From the pen Investments
In this issue we deal with the question of investments. How it can potentially grow our economy and how to define and plan for it, and we also identify the hotspot for future investments: Africa.
Sentiments about our continent, over the past few decades, have transitioned from the loathsome explorer age cries of ‘Deep dark Africa’ to the somewhat more realistic sentiments of ‘Rich Africa, Poor Africans’ to what the world now calls ‘Africa – your time has come’. But if you’re from this continent, then these sentiments are just that, sentiments. Because Africans have intuitively known for decades that our continent with its rich natural resources, is an untapped investor haven. And as Achim Steiner, Executive Director of the UN Environmental programme told Africa ministers of finance, planning and economic development gathered in Ethiopia earlier this year, “This continent is in many ways the envy of the 21st century world. (As) Africa is rich in the kinds of natural resources that in many parts of the world have been over-exploited and diminished by centuries of unsustainable development”.
And The Africa Competitiveness Report (ACR) 2011, the third report jointly published by the World Economic Forum, The African Development Bank and the World Bank, agrees. It states in its opening remarks that Africa’s recovery from the global economic crisis has been faster than it has been in many other parts of the world. ‘Indeed, Africa has seen what can be termed an “economic resurgence” over the past decade: between 2001 and 2010, gross domestic product growth on the continent averaged 5.2 percent annually – a rate also expected in 2011, and almost 25 percent greater than the global average of 4.2 percent.’
Although very positive, these figures don’t belie the enormous challenges following decades of non-investment in: education and training, infrastructure development and innovation, policies that promote global interaction, a competent and trustworthy bureaucracy, political stability, good financial and banking policies, public health, and of critical importance – our people.
But, I’m realistically optimistic that Africa’s time has surely come.
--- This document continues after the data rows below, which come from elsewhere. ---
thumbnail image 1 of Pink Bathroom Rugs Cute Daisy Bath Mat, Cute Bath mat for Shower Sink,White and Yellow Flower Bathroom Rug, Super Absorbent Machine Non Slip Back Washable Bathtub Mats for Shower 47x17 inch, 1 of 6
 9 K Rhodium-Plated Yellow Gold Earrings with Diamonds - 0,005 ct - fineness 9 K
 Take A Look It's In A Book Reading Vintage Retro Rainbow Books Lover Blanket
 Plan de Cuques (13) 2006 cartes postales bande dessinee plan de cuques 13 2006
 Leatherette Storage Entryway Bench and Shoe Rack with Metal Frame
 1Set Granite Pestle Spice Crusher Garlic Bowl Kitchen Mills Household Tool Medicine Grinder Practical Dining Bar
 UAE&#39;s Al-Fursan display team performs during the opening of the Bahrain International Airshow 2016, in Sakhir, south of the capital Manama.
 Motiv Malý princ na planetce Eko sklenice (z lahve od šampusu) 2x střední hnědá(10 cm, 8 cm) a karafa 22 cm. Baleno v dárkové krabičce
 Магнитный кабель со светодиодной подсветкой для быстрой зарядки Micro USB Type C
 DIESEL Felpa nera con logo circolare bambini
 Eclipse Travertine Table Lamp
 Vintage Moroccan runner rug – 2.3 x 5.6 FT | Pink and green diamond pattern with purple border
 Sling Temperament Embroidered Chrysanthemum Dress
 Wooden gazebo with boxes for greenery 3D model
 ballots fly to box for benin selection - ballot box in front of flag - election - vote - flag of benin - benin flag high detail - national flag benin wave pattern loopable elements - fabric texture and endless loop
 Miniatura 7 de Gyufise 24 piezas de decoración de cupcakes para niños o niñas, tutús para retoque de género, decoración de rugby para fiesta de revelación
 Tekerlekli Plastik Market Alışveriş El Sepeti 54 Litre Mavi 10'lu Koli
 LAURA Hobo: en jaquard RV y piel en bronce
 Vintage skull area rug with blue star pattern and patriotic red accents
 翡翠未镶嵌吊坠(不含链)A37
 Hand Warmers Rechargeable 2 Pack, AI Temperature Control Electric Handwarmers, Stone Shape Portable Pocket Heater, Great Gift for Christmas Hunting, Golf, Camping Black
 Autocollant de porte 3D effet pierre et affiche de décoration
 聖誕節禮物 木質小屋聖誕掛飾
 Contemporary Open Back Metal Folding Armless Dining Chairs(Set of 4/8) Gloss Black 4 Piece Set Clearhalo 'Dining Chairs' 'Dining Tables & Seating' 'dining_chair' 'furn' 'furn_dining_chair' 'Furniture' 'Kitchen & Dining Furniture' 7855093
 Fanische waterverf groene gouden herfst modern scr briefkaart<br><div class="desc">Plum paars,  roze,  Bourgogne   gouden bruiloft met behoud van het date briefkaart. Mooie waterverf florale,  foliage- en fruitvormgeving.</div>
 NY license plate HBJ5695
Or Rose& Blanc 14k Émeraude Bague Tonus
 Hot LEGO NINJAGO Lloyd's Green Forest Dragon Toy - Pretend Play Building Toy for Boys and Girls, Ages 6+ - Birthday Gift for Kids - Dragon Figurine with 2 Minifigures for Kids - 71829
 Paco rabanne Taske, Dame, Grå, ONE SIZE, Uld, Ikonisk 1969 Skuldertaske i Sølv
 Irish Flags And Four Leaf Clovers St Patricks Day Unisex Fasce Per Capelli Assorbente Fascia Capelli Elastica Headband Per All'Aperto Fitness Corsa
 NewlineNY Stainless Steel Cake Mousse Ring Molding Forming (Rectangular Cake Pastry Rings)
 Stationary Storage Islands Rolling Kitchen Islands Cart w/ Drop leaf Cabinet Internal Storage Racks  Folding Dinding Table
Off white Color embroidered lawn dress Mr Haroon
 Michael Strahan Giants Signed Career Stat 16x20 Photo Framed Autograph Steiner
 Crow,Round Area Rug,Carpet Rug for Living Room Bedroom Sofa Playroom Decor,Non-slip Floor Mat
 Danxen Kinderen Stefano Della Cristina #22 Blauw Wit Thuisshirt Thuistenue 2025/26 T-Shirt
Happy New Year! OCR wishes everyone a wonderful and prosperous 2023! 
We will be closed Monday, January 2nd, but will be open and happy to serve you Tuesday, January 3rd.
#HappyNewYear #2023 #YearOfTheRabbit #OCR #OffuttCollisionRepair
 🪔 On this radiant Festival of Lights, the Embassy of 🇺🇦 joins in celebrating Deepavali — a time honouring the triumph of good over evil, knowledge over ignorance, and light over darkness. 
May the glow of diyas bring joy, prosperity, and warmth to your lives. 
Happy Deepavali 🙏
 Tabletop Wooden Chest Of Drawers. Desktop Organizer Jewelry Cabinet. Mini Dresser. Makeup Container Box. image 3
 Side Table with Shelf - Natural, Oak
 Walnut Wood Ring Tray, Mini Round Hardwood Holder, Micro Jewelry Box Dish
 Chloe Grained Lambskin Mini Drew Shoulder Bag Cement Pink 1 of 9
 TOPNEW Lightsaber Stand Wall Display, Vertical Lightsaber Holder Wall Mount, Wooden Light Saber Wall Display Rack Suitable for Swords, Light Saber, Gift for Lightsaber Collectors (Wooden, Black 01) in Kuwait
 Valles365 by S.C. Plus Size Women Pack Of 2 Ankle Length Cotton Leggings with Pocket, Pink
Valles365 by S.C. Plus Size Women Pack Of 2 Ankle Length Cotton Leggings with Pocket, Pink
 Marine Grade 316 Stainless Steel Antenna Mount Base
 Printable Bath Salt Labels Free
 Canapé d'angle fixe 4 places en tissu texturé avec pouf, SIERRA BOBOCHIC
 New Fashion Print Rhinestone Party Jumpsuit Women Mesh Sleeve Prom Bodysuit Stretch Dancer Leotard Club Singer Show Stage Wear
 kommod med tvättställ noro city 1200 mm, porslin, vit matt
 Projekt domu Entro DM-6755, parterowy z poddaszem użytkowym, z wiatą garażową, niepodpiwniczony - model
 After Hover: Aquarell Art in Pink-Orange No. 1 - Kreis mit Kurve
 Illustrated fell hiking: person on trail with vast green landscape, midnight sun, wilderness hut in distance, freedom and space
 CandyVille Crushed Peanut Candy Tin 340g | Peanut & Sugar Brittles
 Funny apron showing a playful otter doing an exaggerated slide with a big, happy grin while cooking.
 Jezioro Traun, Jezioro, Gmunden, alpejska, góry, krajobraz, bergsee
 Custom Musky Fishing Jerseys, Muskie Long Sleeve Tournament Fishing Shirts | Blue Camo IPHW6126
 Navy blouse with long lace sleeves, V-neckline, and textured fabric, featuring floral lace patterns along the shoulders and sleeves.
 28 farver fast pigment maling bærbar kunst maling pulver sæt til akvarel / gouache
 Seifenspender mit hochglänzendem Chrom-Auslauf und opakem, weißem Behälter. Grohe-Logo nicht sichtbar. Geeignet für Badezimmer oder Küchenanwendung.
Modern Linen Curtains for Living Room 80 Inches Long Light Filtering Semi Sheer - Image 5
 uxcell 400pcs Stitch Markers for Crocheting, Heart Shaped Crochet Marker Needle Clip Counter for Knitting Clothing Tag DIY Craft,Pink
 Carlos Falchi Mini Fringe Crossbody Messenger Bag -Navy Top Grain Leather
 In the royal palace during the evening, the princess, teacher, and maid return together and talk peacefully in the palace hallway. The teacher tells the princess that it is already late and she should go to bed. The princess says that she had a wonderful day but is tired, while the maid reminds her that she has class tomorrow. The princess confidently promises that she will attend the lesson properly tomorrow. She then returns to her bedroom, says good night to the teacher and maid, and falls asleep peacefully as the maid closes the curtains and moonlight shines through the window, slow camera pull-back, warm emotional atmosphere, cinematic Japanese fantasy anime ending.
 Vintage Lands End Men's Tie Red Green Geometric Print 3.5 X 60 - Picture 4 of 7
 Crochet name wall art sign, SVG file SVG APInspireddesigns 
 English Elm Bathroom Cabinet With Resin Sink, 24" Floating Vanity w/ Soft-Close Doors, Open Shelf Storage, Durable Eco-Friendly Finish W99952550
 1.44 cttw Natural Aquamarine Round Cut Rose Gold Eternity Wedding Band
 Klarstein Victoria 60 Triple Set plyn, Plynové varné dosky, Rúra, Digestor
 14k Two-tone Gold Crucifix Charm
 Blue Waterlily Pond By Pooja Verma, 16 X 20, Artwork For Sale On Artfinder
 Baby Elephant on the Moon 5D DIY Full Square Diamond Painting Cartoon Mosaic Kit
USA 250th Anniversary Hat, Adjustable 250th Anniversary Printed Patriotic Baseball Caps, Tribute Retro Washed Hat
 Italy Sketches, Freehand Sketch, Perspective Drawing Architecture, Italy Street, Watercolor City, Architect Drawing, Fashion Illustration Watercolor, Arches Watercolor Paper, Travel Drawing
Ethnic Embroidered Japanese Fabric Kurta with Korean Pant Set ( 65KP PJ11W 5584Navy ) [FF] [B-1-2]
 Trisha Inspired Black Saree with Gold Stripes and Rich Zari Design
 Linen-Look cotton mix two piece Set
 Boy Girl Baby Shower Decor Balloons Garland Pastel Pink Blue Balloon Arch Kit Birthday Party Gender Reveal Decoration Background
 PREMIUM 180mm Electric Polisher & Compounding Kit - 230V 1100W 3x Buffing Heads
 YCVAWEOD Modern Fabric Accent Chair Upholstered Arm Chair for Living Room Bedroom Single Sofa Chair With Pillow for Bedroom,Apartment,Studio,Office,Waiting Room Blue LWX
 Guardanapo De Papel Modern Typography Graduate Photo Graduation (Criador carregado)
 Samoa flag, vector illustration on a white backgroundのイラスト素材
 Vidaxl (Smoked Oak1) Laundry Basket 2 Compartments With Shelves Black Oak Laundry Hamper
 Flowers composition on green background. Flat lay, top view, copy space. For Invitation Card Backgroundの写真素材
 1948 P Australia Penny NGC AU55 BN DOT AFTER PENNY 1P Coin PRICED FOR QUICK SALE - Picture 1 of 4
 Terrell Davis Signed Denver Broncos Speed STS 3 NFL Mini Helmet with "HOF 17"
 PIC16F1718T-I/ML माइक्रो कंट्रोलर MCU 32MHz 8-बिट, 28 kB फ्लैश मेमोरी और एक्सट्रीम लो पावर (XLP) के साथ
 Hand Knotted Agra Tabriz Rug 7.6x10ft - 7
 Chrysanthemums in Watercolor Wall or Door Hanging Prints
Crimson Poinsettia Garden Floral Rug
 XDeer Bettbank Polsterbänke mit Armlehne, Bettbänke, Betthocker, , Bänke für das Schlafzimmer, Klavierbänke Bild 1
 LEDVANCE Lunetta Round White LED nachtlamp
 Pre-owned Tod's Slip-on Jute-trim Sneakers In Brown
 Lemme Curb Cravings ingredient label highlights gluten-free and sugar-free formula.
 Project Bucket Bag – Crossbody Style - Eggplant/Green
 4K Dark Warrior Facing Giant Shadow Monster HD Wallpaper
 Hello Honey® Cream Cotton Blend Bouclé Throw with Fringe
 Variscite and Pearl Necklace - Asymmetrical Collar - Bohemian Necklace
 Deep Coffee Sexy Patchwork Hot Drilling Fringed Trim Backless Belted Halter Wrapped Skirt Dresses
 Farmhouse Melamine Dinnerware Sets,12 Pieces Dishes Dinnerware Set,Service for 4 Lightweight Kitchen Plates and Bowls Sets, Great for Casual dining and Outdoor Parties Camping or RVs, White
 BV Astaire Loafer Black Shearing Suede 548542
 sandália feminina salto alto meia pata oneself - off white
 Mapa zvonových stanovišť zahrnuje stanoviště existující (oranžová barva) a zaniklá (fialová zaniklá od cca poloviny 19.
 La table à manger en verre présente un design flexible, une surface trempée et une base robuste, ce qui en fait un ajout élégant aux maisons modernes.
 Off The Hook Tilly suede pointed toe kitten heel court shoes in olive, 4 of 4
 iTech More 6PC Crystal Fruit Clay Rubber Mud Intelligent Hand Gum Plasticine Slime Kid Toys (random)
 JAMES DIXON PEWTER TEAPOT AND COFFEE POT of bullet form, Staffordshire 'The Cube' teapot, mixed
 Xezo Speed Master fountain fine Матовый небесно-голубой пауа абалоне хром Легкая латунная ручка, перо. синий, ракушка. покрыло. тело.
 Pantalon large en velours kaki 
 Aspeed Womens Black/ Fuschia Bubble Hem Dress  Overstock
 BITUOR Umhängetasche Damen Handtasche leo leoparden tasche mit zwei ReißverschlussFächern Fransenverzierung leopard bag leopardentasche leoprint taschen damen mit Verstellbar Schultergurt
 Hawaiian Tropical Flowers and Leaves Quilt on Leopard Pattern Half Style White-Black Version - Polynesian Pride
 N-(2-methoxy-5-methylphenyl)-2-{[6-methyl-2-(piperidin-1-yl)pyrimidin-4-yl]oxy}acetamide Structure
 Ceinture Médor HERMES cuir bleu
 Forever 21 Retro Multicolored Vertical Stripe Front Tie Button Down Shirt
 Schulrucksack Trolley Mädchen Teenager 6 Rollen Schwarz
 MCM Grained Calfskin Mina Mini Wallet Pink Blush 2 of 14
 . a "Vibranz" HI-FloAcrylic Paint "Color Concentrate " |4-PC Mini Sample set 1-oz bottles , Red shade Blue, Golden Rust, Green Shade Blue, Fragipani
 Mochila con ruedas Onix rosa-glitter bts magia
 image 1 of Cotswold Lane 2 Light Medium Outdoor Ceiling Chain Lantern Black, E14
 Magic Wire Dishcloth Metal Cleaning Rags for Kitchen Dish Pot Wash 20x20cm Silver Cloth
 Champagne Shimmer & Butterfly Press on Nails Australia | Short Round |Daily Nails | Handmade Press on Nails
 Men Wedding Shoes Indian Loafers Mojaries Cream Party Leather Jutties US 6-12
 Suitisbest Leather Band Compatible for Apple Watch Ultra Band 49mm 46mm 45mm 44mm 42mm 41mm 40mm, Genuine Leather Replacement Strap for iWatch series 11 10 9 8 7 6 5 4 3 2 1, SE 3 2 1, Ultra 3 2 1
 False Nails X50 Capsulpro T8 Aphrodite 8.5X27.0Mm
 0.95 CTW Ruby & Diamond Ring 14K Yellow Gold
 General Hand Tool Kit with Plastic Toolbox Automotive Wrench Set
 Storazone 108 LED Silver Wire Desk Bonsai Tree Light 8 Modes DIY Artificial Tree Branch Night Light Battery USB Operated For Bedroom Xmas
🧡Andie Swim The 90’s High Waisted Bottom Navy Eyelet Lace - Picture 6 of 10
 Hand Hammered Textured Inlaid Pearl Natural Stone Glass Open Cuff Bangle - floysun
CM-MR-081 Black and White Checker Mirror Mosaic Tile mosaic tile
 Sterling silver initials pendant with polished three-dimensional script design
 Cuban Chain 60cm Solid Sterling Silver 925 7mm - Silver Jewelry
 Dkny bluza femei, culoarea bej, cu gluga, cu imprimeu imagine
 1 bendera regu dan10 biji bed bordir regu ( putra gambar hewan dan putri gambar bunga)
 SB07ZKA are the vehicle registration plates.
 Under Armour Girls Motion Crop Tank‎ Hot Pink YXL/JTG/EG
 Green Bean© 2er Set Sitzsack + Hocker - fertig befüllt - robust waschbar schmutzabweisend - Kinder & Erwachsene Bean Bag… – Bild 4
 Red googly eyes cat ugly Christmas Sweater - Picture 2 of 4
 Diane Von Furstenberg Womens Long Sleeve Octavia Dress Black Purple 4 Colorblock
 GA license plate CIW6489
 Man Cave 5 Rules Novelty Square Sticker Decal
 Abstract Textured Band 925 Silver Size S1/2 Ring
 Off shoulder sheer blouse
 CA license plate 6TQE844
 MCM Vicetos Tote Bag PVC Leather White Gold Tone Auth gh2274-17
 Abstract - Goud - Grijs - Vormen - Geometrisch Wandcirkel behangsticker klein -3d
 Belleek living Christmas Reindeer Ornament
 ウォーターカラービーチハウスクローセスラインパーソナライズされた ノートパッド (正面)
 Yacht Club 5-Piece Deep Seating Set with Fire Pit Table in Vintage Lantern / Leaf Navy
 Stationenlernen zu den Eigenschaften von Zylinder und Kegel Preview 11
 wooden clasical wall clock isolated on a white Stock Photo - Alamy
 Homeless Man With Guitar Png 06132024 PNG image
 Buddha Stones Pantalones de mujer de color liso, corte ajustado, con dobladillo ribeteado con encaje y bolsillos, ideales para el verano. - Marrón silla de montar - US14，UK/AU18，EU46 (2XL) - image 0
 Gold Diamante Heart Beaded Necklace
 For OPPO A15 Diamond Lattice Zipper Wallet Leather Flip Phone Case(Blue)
And, unlike other commentators, I believe that our continent’s slow pace of development, even our colonial past and despotic rule may just have been a necessary cog to ensure that, after a crippling financial and looming environmental crisis, that at least one continent still has untapped resources to help impact growth of the global economy.
So, as the private and public sector begins to consider and consolidate their investment options going forward, the question many pundits agree remains to be asked is: “How will investors respond to Africa’s potential given its complex political, social and economic challenges?”
What we as Africans intuitively know is that, without an investment into our wonderful people of Africa, the true potential of Africa will remain untapped.